What is MLBlocks?¶
Free software: MIT license
MLBlocks is a simple framework for seamlessly combining any possible set of Machine Learning tools developed in Python, whether they are custom developments or belong to third party libraries, and build Pipelines out of them that can be fitted and then used to make predictions.
This is achieved by providing a simple and intuitive annotation language that allows the user to specify how to integrate with each tool, here called primitives, in order to provide a common uniform interface to each one of them.
At a high level:
Each available primitive has been annotated using a standardized JSON file that specifies its native interface, as well as which hyperparameters can be used to tune its behavior.
A list of primitives that will be combined into a pipeline is provided by the user, optionally passing along the hyperparameters to use for each primitive.
An MLBlock instance is build for each primitive, offering a common interface for all of them.
The MLBlock instances are then combined into an MLPipeline instance, able to run them all in the right order, passing the output from each one as input to the next one.
The training data is passed to the MLPipeline.fit method, which sequentially fits each MLBlock instance following the JSON annotation specification.
The data used to make predictions is passed to the MLPipeline.predict method, which uses each MLBlock sequentially to obtain the desired predictions.
In its first iteration, in 2015, MLBlocks was designed for only multi table, multi entity temporal data.

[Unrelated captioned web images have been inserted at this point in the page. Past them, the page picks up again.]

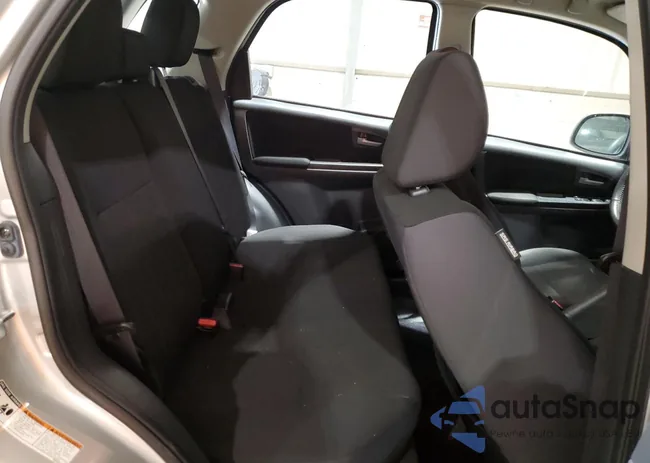 JS2YB5A37C6304372: 91819175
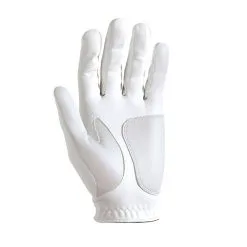 FootJoy Golf FootJoy Mens WeatherSof Golf Gloves -Brands Shop Weathersoft 4 83414.1664472713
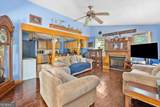 33 Tolbert Road - Photo 4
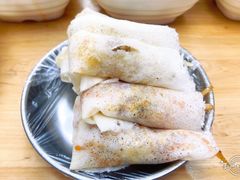 -江油特色冷沾沾(火炮街店)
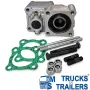 PTO Включвател за скоростна кутия EATON 6109-8309 с лагер, снимка 1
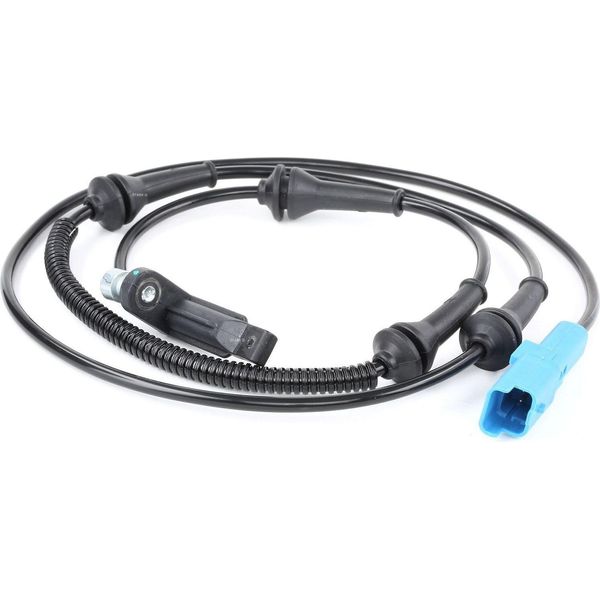 Stark SKWSS-0350104 - Sensore Abs Oe 4545 H9 Per C5 Ii (Re), C5 Iii (Rd), C5 Iii (Rw), C6 (Td), 407, 407 Sw (6D, 6E), 508 (8D), 508 (8E)-image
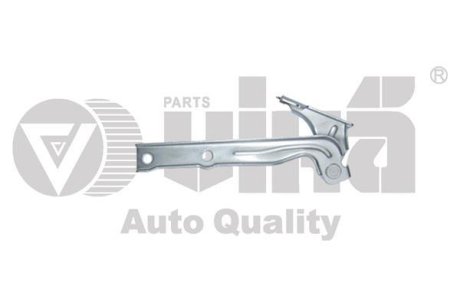 Петля капоту VW Tiguan 07-09 (L) Vika 88231518401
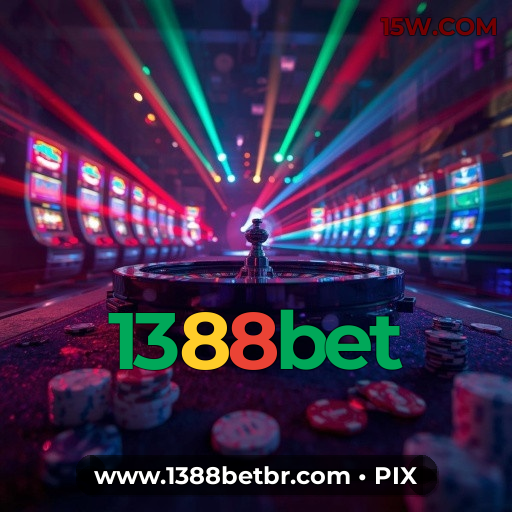 Jogos de Mesa Premium 1388bet - Blackjack, Roleta, Baccarat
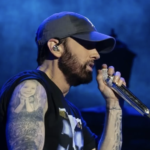 Eminem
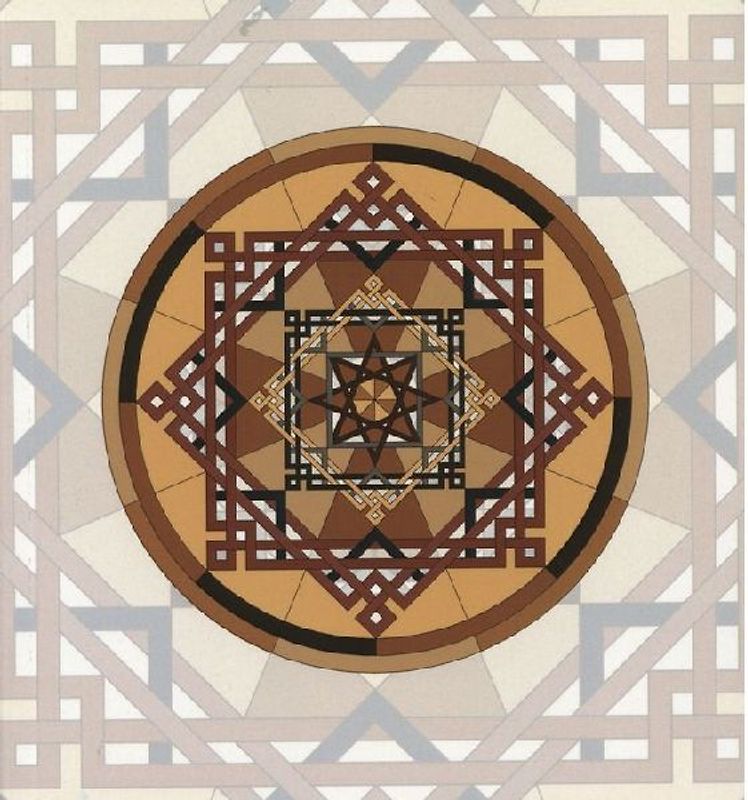 Misticismo práctico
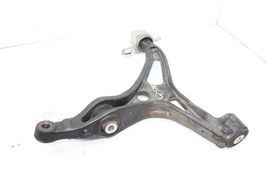 06-13 MERCEDES-BENZ R500 4MATIC FRONT RIGHT PASSENGER LOWER CONTROL ARM Q5701 image 4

A good reference to see our design rationale at that time is Bryan Collazo’s thesis, written under the supervision of Kalyan Veeramachaneni:
Machine learning blocks. Bryan Collazo. Masters thesis, MIT EECS, 2015.
In 2018, with recent availability of a multitude of libraries and tools, we decided it was time to integrate them and expand the library to address other data types, like images, text, graph or time series, as well as introduce the usage of deep learning libraries. A second iteration of our work was then started by the hand of William Xue:
A Flexible Framework for Composing End to End Machine Learning Pipelines. William Xue. Masters thesis, MIT EECS, 2018.
Later in 2018, Carles Sala joined the project to make it grow as a reliable open-source library that would become part of a bigger software ecosystem designed to facilitate the development of robust end-to-end solutions based on Machine Learning tools. This third iteration of our work was presented in 2019 as part of the Machine Learning Bazaar:
The Machine Learning Bazaar: Harnessing the ML Ecosystem for Effective System Development. Micah J. Smith, Carles Sala, James Max Kanter, and Kalyan Veeramachaneni. Sigmod 2020.